I killed two deer eating acorns or in the process of eating acorns, a doe with my bow, and a spike with my rifle at what many would consider unsporting distance. I still hunted along a creek and sat next to a small tank to collect my next doe. My trophy buck I spotted from 600yds away and belly crawled 400yds across a hay field to collect him(it took a couple trips to the chiropracter to fix those aches). My last doe I had the outdoor writer I talked about above down. He happened to witness and photograph that stalk. I fed corn down some ranch roads before daylight and we spent the morning stillhunting those roads and taking pictures of various critters(no deer for three hours along that track). Finally we spotted a doe a few hundred yards out. He stayed to film while I took my AR-15 and some 62gr sp's and stalked her. I covered the first 100yds bent over using pear bushes to shield my approach, the next hundred yards was worm style, when I got to my 100yds I was comfortable with the .223 making a clean kill I couldn't shoot, so I closed 30 more yards to gain some height for a clean shot off the bipod. I fired, she fell in that spot and I put my last deer in the freezer.
Now was I sporting? Should it really matter? Every deer above was drawn to something. Should we only hunt deer in places with no type of food, water, or sexual temptations? My friend hunted hard with me for 3 full days along corn fed ruts and roads. He never bagged a javelina or hog. We walked a few miles every day quietly and slowly. We did everything right and still came up empty. Is that sporting? Does it really matter?

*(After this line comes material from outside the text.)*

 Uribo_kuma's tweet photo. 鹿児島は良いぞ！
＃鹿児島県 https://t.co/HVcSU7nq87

PETA would say anything that involves us killing an animal is cruel and unsporting, why should any of us, support any facet of what they do? I didn't harvest a thing this year, I killed it, I killed it in any way, shape or form I could, not because I wanted to eat fresh unpolluted meat, not because I wanted to look cute at the hunters ball with my pictures, I killed it because I have a desire to hunt and kill. I'm not much different than a coyote, bobcat, or a mountain lion, I was put her with a prey drive. The only obligation I feel to the critters I kill is to kill them cleanly and if at all possible instantly.
Of these five, the bow killed doe ran farthest, 75yds to pile-up, the spike and 13pt traveled less than 20yds, the does dropped instantly to rifle shots. Is it sporting? Does it matter? PETA probably wouldn't like the fact I just was eating deer roast as I typed this, because they think it unethical to kill things. You may not like it if I killed the deer over a corn pile... Why should you ever for an instant even begin to support one tenant or portion of a tenant that those crazies do?

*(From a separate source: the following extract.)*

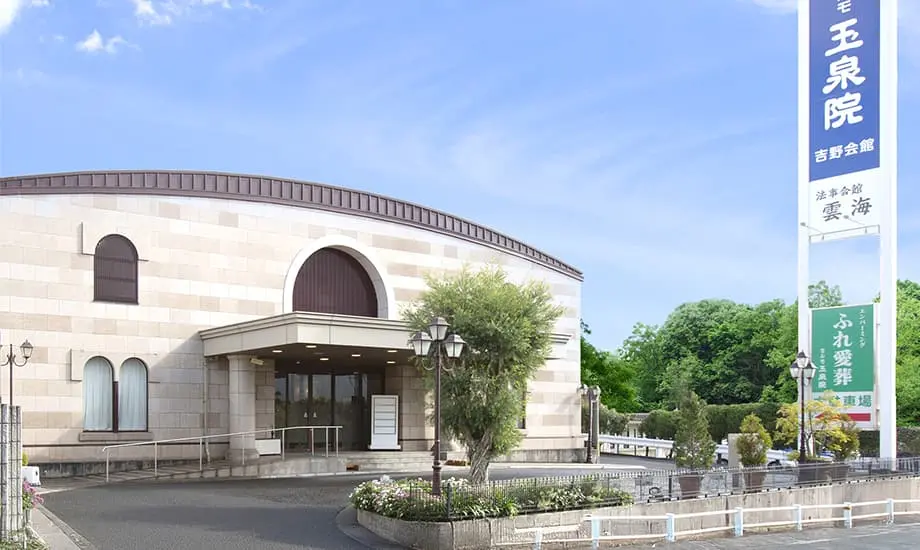 玉泉院吉野会館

We are a part of the food chain, we have no moral ethical dilema to contend with in killing our game, except that we do so as quickly as possible, and that is more a respect issue for me. I hope when my turn comes it is fast and as painless as possible; sorta the Golden rule.
Where or how do we draw the line? Who sets the moral standard? What is right from wrong? We can all agree that poaching is wrong, we can all agree that folks shooting up roadsigns aren't hunters. But how often do we sell out our fellow sportsman over our own personal opinions and choices. Do you think they banned dog hunting in many states without sportsmans help? Do you reckon they banned bear baiting without support from the spot and stalk hunters?
We must quit selling one another out, hunting is no different than guns, it is probably in most areas just as threatened. If we don't all hang together, we will in time hang seperately.